- TASK ITEM:
For this exercise, copy the data exactly and omit any images.

(Beginning of GIVEN RECORDS)

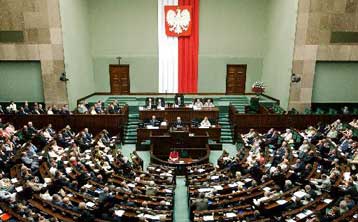 Η Πολωνία απομακρύνει συνεργάτες του κομμουνιστικού καθεστώτος από τη δημόσια ζωή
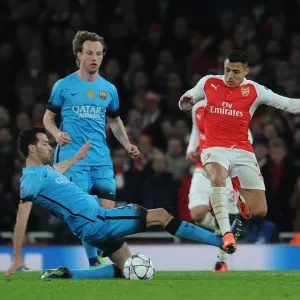 Clash of Titans: Alexis Sanchez Outwits Sergio Busquets in the Champions League Showdown Clash of Titans: Alexis Sanchez Outwits Sergio Busquets in the Champions League Showdown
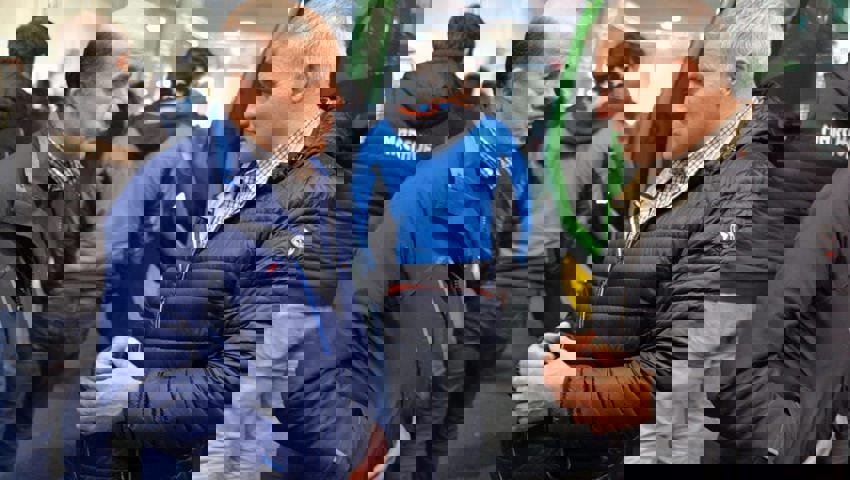  Interessante Gespräche : Schafzüchter Martin Keller (Buchs) unterhält sich mit Marco Gadient (Flums) von der Marktgenossenschaft.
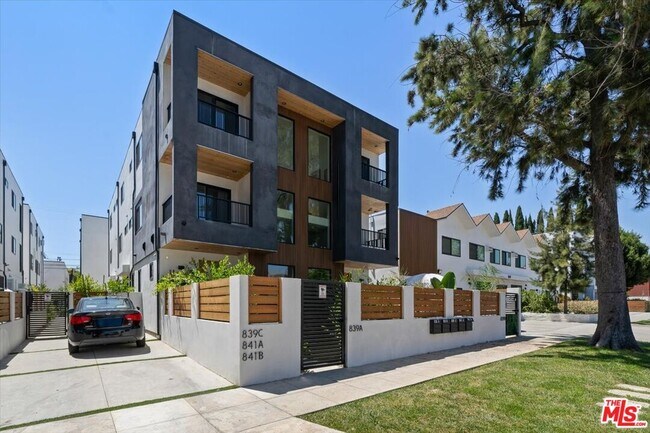 Building Photo - 839 N McCadden Pl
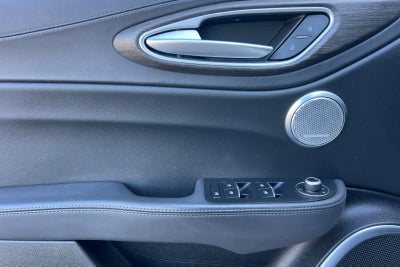 2022 Alfa Romeo Giulia Ti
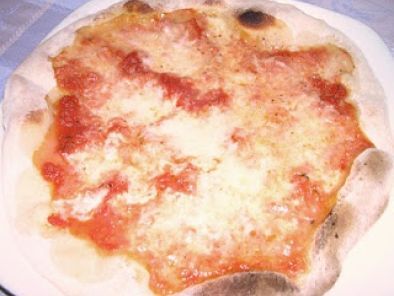 Pizza margherita nel fornetto ferrari - Ricetta Petitchef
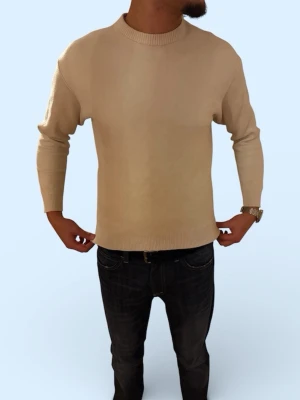 stickad tröja från ZARA - Säljer en stilren beige stickad tröja med rund halsringning och långa ärmar. Tröjan har ribbade muddar vid ärmslut och nederkant, vilket ger en snygg passform. Perfekt att matcha med jeans för en enkel och clean look.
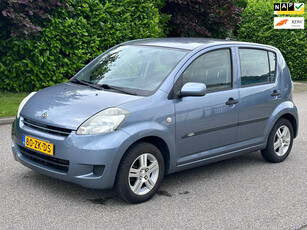 Daihatsu Sirion 2 1.0-12V Premium Airco*04-04-2025 APK*NAP*LM velgen*2e eigenaar*Nette auto*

(End of GIVEN RECORDS)

- EXERCISE ANSWER:
 Η Πολωνία απομακρύνει συνεργάτες του κομμουνιστικού καθεστώτος από τη δημόσια ζωή
 Clash of Titans: Alexis Sanchez Outwits Sergio Busquets in the Champions League Showdown Clash of Titans: Alexis Sanchez Outwits Sergio Busquets in the Champions League Showdown
  Interessante Gespräche : Schafzüchter Martin Keller (Buchs) unterhält sich mit Marco Gadient (Flums) von der Marktgenossenschaft.
 Building Photo - 839 N McCadden Pl
 2022 Alfa Romeo Giulia Ti
 Pizza margherita nel fornetto ferrari - Ricetta Petitchef
 stickad tröja från ZARA - Säljer en stilren beige stickad tröja med rund halsringning och långa ärmar. Tröjan har ribbade muddar vid ärmslut och nederkant, vilket ger en snygg passform. Perfekt att matcha med jeans för en enkel och clean look.
 Daihatsu Sirion 2 1.0-12V Premium Airco*04-04-2025 APK*NAP*LM velgen*2e eigenaar*Nette auto*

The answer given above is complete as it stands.